Wie ist die Gestaltung des Besucherkorridors in einer biopharmazeutischen Produktionsstätte so ausgelegt, dass Besucher keine Reinräume durchqueren müssen?

I. Gesamtgrundriss (Drei gängige Compliance-Lösungen, von denen keine in den Reinraum eindringt)


Lösung 1 : Äußerer Ring-Sichtkorridor (Bevorzugt und optimal für neue Werkstätten)

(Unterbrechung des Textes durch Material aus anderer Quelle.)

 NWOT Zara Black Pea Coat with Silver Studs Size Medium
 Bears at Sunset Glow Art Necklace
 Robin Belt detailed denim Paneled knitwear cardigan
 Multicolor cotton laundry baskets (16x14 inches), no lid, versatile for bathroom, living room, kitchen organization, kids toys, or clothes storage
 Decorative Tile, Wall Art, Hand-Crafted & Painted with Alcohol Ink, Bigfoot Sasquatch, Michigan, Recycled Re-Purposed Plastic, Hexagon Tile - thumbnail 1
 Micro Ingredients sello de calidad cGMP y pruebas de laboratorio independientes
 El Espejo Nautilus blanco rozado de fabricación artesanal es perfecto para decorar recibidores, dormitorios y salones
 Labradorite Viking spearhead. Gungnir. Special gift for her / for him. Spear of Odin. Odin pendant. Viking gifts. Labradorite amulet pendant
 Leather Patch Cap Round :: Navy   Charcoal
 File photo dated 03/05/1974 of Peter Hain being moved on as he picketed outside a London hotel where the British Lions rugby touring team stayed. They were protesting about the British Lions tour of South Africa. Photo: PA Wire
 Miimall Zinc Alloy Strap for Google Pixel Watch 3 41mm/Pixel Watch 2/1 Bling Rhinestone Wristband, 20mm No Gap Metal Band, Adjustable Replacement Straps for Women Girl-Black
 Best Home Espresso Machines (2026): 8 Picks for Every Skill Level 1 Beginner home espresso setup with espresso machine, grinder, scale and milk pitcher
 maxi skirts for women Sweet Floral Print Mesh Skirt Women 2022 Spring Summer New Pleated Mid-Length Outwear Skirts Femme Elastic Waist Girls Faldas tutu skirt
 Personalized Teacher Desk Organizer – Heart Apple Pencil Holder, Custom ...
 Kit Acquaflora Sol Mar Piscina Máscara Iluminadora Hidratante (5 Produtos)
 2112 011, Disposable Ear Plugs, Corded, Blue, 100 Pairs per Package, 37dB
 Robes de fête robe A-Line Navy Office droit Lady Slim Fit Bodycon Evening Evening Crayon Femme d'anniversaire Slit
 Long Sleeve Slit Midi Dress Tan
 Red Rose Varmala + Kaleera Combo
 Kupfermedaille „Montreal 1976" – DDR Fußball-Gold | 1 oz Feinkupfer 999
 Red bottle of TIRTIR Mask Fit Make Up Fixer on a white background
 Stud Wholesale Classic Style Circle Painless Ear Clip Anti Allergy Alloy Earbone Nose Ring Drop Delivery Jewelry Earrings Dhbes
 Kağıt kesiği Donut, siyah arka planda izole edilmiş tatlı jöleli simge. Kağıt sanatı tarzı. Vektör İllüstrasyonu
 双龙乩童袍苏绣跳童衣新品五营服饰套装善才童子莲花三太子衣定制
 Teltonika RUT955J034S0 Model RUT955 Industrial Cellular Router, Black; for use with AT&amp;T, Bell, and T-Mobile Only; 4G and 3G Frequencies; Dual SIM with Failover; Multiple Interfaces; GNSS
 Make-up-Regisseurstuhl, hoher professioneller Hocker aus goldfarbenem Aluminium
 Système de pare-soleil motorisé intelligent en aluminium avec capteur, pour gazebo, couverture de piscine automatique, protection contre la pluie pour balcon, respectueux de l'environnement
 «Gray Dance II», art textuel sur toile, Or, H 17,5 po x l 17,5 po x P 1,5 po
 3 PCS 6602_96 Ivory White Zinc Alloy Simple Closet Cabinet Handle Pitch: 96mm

Die Werkstatt ist in zwei Hauptbereiche unterteilt: einen inneren Reinraumbereich für die Produktion und einen äußeren, separaten Zuschauerkorridor. Diese Bereiche sind durch eine vollständig abgedichtete Trennwand aus Stahlbeton und farbigem Stahl voneinander getrennt; es gibt keine direkten Zugangstüren oder Pufferzonen.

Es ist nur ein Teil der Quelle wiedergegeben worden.